Contrairement à ce qui était admis jusqu'ici, l'Anatolie n'était pas isolée géographiquement il y a 25 millions d'années (pendant l'Oligocène) : c'est ce que viennent de montrer des chercheurs du Laboratoire des Mécanismes et Transferts en Géologie (LMTG) (CNRS/ Université Toulouse 3/IRD) et du laboratoire Paléobiodiversité et paléoenvironnements (CNRS/Muséum national d'histoire naturelle/Université Paris 6).

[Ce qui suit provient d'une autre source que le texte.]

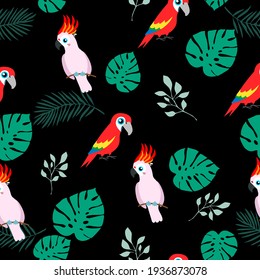 Tropical seamless pattern, funny birds, palm leafs vector illustration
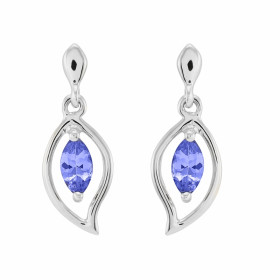 Boucles d'oreilles Or blanc 375 Tanzanite navette 6x3mm. Boucles d'oreilles pendantes en or blanc 375 (9 carats). Tanzanit...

Ces résultats ont été obtenus grâce à l'analyse du premier os de rhinocéros géant fossile découvert en 2002 dans un gisement, en Anatolie, lors d'une mission franco-turque d'exploration paléontologique, financée par le programme ECLIPSE INSU-CNRS. La présence de cet os en Anatolie et des restes de faune associés témoigne de migrations animales avec l'Europe et l'Asie : ces résultats publiés en ligne le 29 février 2008 dans la revue Zoological Journal of the Linnean Society remettent en cause l'isolement de l'Anatolie à cette période jusque là considérée comme un archipel.

 

C'est la première fois qu'un os de rhinocéros géant fossile datant de l'Oligocène, une période correspondant à un moment d'intenses mouvements tectoniques autour de la mer Méditerranée, est retrouvé en Anatolie. Découvert en 2002 au cours d'une mission franco-turque d'exploration paléontologique de la région de Çankiri-Çorum (Anatolie centrale, Turquie), ce fragment d'os de l'avant-bras (radius) décrit ici par les chercheurs mesure 1,20 mètre de long et appartenait probablement à un très grand mâle d'environ 5 mètres au garrot, attribué au genre Paraceratherium. Ces herbivores, également appelés baluchithères ou indricothères, sont considérés comme les plus grands mammifères terrestres ayant existé, à égalité avec les plus grands mammouths (avec une taille au garrot estimée à 5 mètres ou plus et une masse corporelle de 15 à 20 tonnes).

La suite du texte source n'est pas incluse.